6. Selection of mandrel length and diameter

The length and diameter of the mandrel are mainly determined by the parison, and the diameter of the mandrel is smaller than the inner diameter of the neck of the bottle to facilitate demoulding of the bottle. However, the diameter of the mandrel should be as large as possible within the inner diameter of the bottle neck to avoid excessive inflation ratio. The coaxiality of the mandrel should be within 0.05-0.08 mm in diameter. The diameter of the mandrel at the mouth of the bottle is determined by the outer diameter of the bottle mouth and the thickness of the bottle mouth. Generally, the value range is that the diameter of the mandrel at the mouth of the bottle is equal to the outer diameter of the bottle mouth minus twice the wall thickness of the bottle mouth.

7. Determination of the distance between the bottom of the mandrel and the bottom of the parison

The distance dimension is the thickness of the bottom of the parison. Whether its dimension is reasonable or not will directly affect whether the thickness of the bottom of the bottle meets the requirements. The general calculation method is: the thickness (B) of the bottom of the parison is equal to the minimum thickness (T) of the bottom of the bottle plus 0.1 times the weight of the bottle. The mandrel body is made of alloy tool steel with a hardness of HRC52-54, whcich is slightly lower hardness than die collar. The surface of the mandrel in contact with the melt should be polished along the flow direction of the melt and plated with hard chrome to facilitate melt filling and parison demoulding. In the blow molding and demoulding stations of PET bottles, the gas continues to circulate in the mandrel to ensure a more consistent temperature distribution of the mandrel. The temperature values of each section of the mandrel are: the head (corresponding to the parison neck) is 45°C to 55°C, the middle (corresponding to the parison body) is 40°C to 50°C, and the tail is 23°C to 35°C. In the parison injection station, due to the high melt temperature, the temperature of the mandrel is at the upper limit of the above range, and the temperature of the mandrel when it is transferred to the demoulding station drops to the lower limit due to internal cooling. After the bottle body is ejected from the demoulding station, air-cool the head of the mandrel from the outside to reduce the temperature of the mandrel.
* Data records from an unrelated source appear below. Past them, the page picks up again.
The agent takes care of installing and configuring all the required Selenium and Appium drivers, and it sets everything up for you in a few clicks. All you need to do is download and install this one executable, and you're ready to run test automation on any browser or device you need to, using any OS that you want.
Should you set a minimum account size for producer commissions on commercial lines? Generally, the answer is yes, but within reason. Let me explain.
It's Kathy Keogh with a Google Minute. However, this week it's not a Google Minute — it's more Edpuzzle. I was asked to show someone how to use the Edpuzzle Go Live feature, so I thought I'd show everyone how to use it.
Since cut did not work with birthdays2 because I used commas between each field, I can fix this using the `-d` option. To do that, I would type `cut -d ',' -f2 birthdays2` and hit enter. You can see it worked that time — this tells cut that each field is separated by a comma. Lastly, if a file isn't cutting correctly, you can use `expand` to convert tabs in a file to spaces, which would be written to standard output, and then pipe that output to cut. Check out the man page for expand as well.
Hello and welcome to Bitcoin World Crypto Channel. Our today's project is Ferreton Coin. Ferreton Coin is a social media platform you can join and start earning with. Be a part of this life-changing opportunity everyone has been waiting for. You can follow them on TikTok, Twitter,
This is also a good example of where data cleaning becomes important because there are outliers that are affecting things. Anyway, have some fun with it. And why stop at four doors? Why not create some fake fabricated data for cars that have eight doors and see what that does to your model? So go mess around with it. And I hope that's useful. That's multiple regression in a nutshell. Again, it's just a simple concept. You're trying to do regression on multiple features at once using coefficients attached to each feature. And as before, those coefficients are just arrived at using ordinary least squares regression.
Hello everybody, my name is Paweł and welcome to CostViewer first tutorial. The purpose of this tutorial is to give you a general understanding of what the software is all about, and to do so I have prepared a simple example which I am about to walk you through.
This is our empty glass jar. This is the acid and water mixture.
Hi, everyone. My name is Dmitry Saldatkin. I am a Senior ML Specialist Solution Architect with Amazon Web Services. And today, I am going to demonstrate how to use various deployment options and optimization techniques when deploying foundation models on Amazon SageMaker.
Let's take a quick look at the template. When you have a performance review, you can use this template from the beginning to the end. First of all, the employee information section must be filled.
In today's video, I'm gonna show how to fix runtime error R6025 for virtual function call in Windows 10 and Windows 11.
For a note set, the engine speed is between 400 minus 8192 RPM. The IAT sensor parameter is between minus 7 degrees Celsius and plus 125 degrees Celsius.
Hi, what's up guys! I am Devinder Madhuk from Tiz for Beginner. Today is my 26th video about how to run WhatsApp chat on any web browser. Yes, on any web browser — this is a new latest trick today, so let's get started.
8. Value of PET bottle injection blow molding process parameters

When PET bottles are injection blow molded, the melt temperature should be controlled so that it is in the range of 275°C to 285°C, which is about 50°C higher than the temperature of most injection blow molding grade polymers. The hot runner system should adopt a streamlined and symmetrical design to avoid dead ends. The nozzle adopts a closed structure, and the outer surface is heated. In order to ensure high transparency of the parison, after the melt is filled into the parison mold, it must be cooled rapidly to below 145°C, but higher than its glass transition temperature (82°C), and the closer to the glass transition temperature, the blown bottle The higher the transparency, the wider the processing range. The cooling water temperature of the parison mold should be as low as 10°C to 35°C to rapidly cool the parison. It is also necessary to use liquid or gas to continuously cool the mandrel inside. Among them, air cooling can make the temperature distribution of the mandrel axis more consistent, and at the same time, there will be no leakage problem. The internal cooling pressure of the mandrel is generally 1MPa. It is best to use liquid and gas combined cooling method, and the blowing pressure of the PET parison is about 1.2MPa. The cooling water temperature used is 5°C to 10°C. In order to cool the blow mold, the parison is also rapidly cooled after it is inflated.